#### Assignment
An exact reproduction of the listing, minus the pictures, is the required output.

#### Given material
⁂

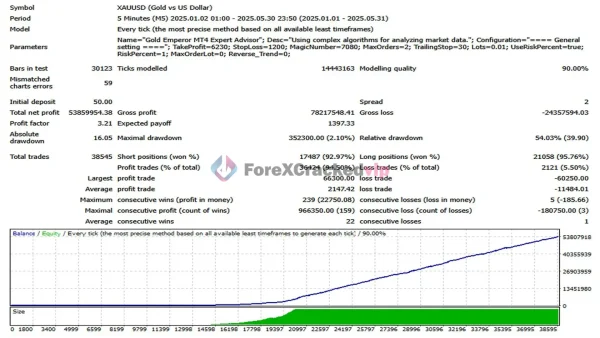 Gold Emperor EA MT4 - Review 1-forex-cracked-vip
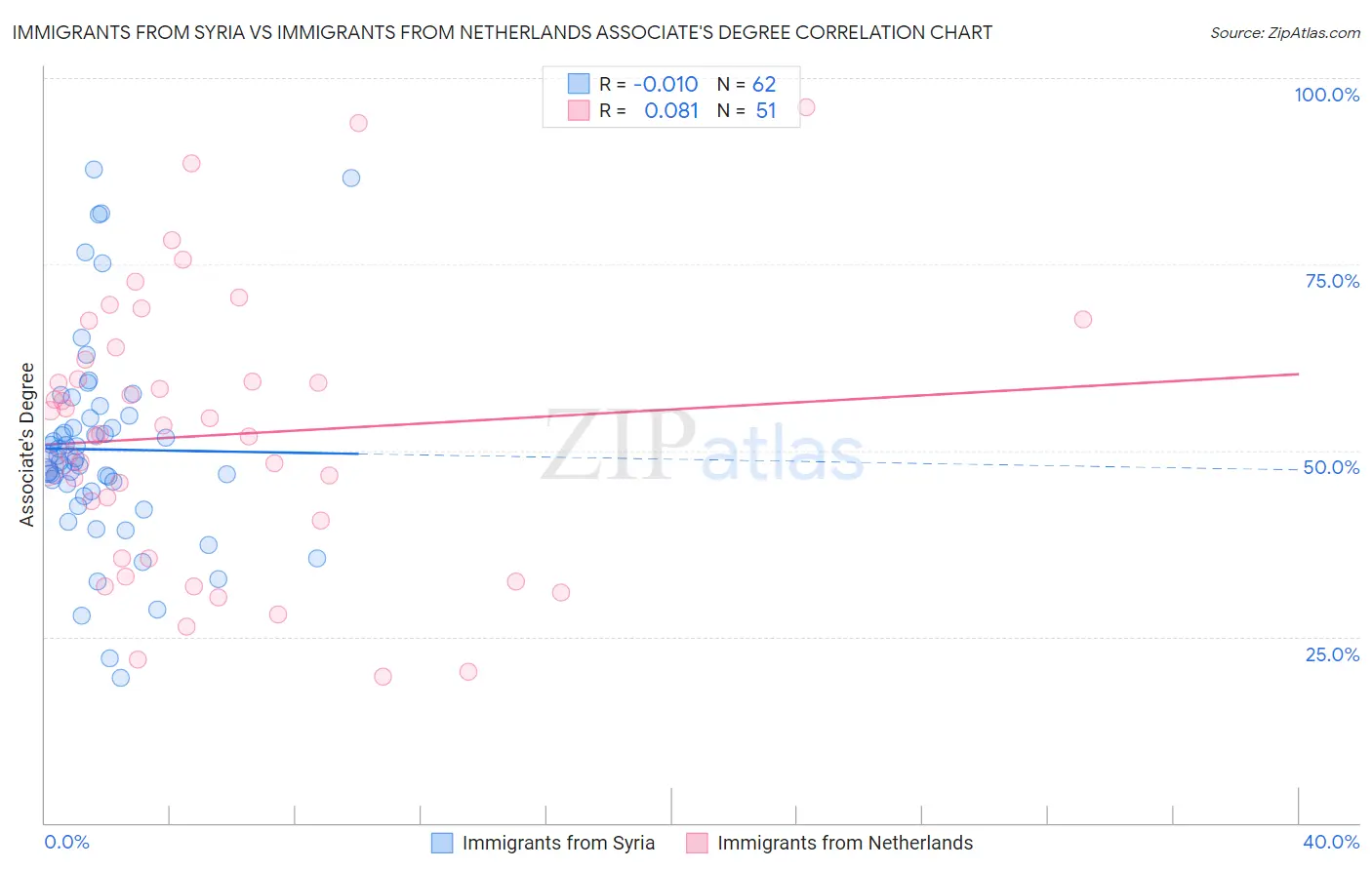 Immigrants from Syria vs Immigrants from Netherlands Associate's Degree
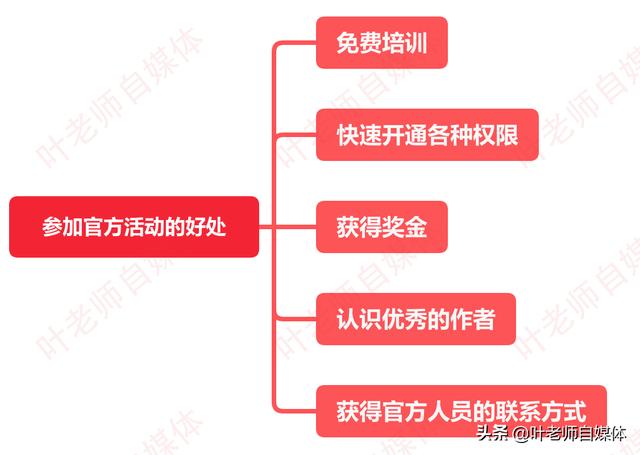 自媒体新人怎么参加头条的官方活动？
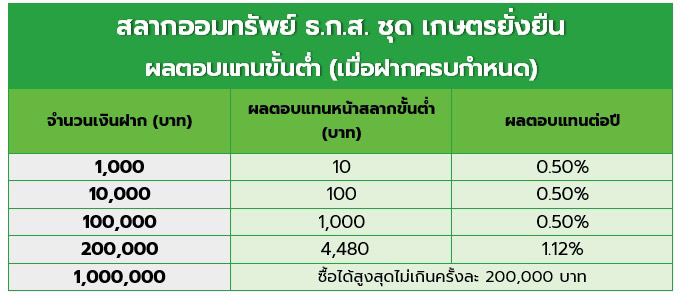 สลาก ธกส.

⁂

#### Result below
 Gold Emperor EA MT4 - Review 1-forex-cracked-vip
 Immigrants from Syria vs Immigrants from Netherlands Associate's Degree
 自媒体新人怎么参加头条的官方活动？
 สลาก ธกส.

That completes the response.